Records for the task
Content starts
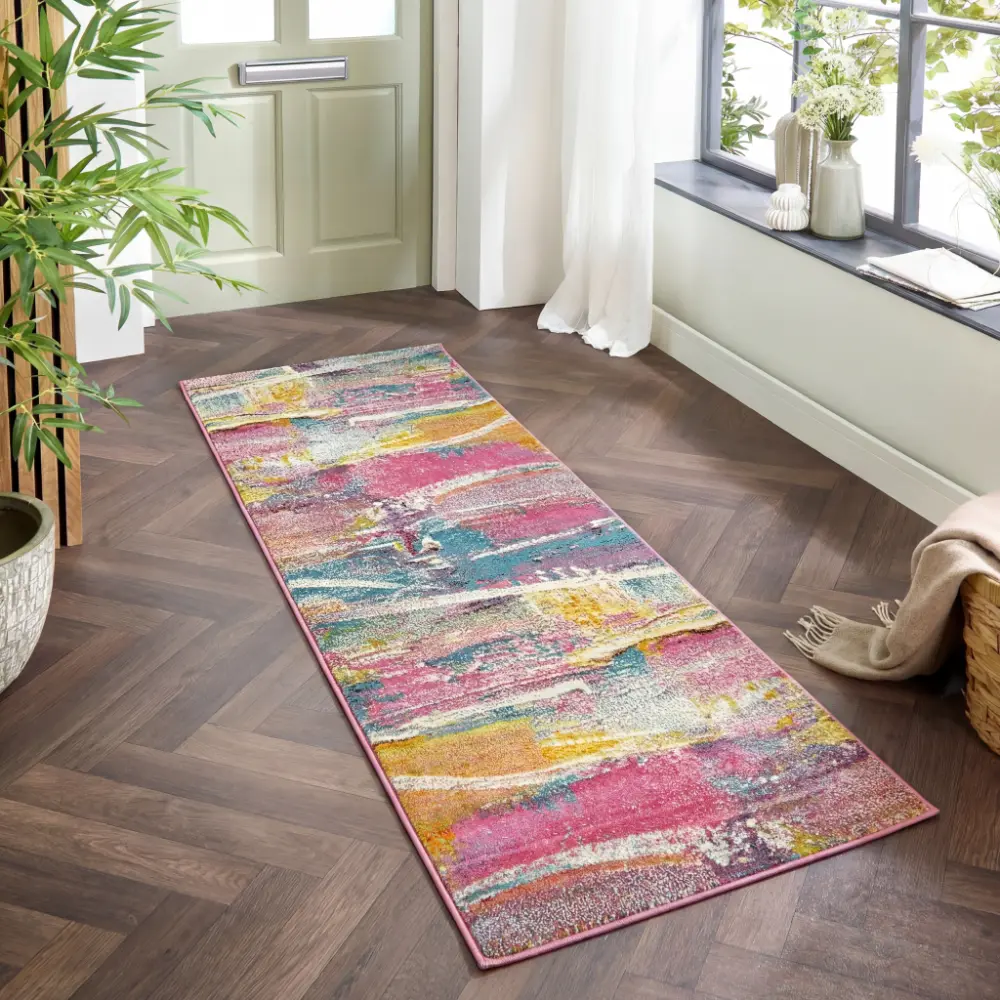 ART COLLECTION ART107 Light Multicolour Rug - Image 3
Content ends
Content starts
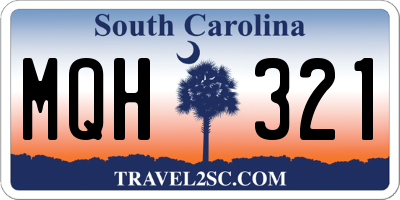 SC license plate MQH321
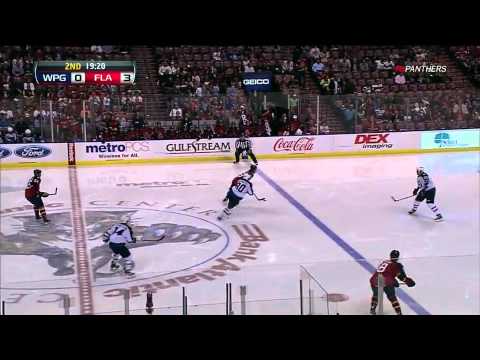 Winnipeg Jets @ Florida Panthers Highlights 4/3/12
Content ends
Content starts
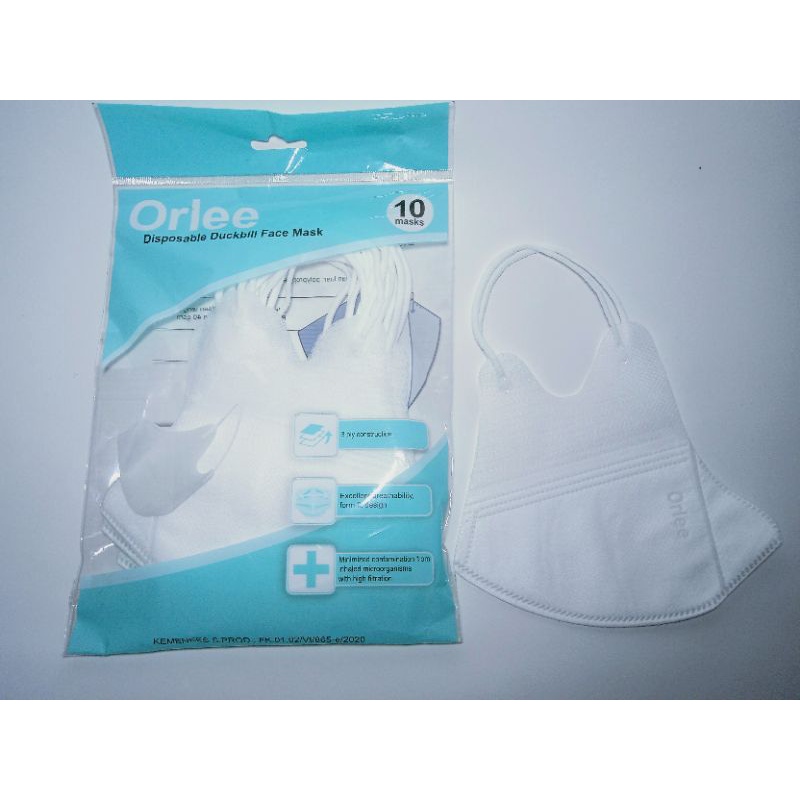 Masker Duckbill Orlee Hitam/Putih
Content ends
Exercise
For the data above, set down exactly the lines from the line with "SC license plate MQH321" to the line with "Winnipeg Jets @", both included, leaving pictures out.

Solved problem
 SC license plate MQH321
 Winnipeg Jets @ Florida Panthers Highlights 4/3/12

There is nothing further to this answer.